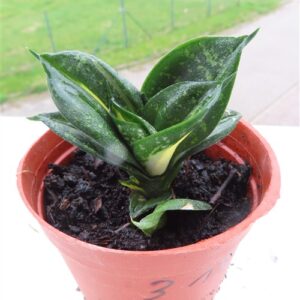 Sansevieria Curly Spiral Star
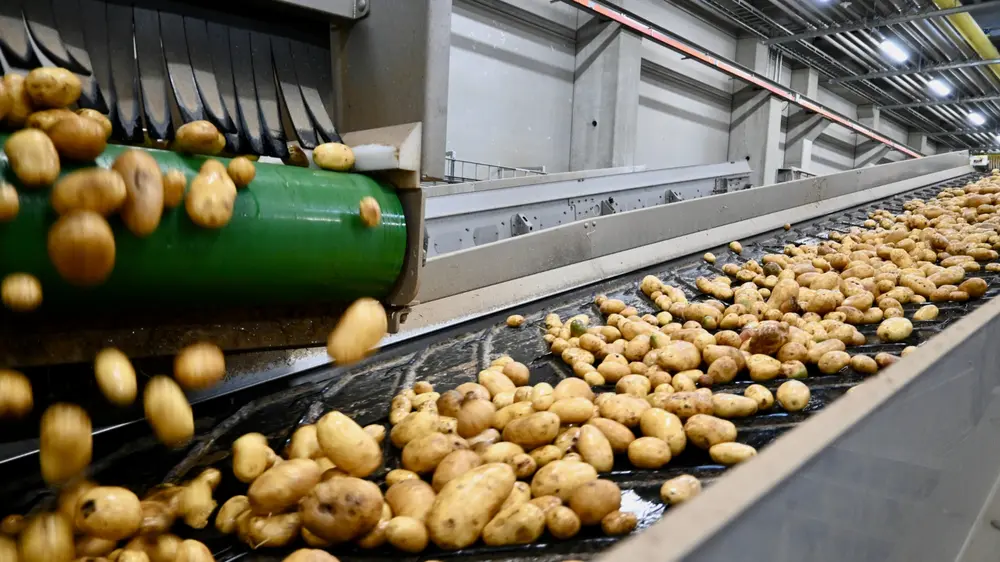 "Terwijl er in de vroege jaren negentig nog 500.000 ton aardappelen per jaar verwerkt werden in ons land, ligt dat cijfer nu tien keer zo hoog, op 5,2 miljoen ton", weet Vermeulen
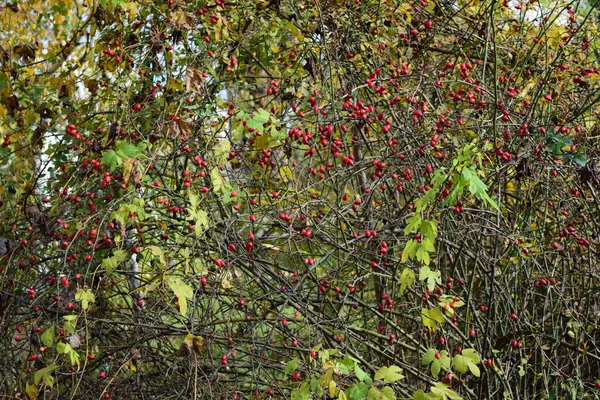 Baies Églantier Sur Buisson Baies Automne — Photo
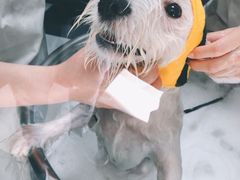 -Oh My Dog宠物沙龙(伊珊娜皮毛护理店)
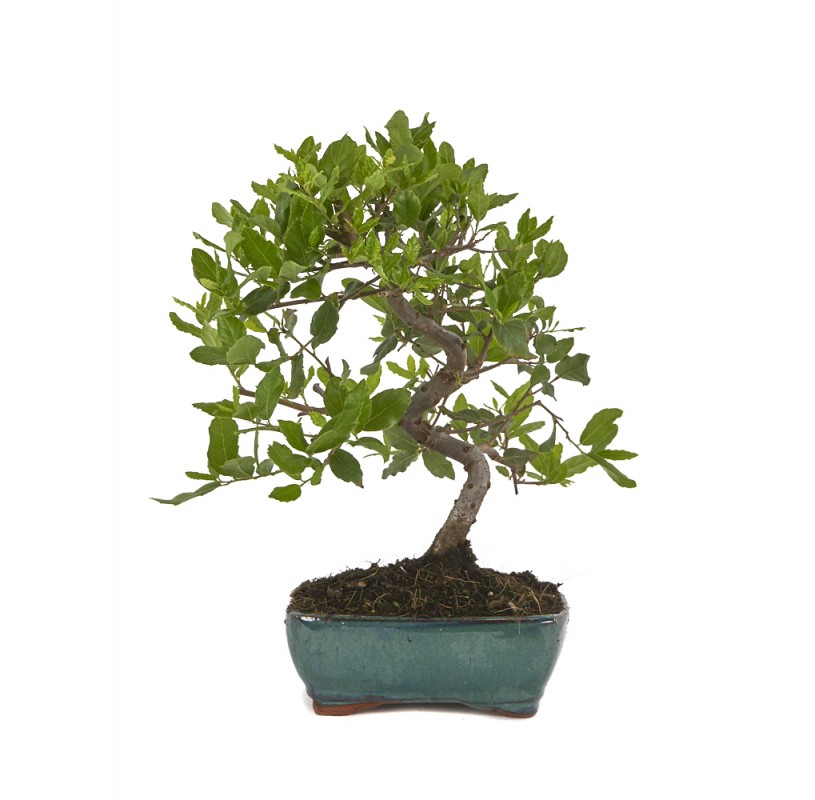 chene liege bonsai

════════════════

### [What needs to be done]
In the copy, include no pictures; otherwise transcribe the entries exactly.

### [Finished exercise]
 Sansevieria Curly Spiral Star
 "Terwijl er in de vroege jaren negentig nog 500.000 ton aardappelen per jaar verwerkt werden in ons land, ligt dat cijfer nu tien keer zo hoog, op 5,2 miljoen ton", weet Vermeulen
 Baies Églantier Sur Buisson Baies Automne — Photo
 -Oh My Dog宠物沙龙(伊珊娜皮毛护理店)
 chene liege bonsai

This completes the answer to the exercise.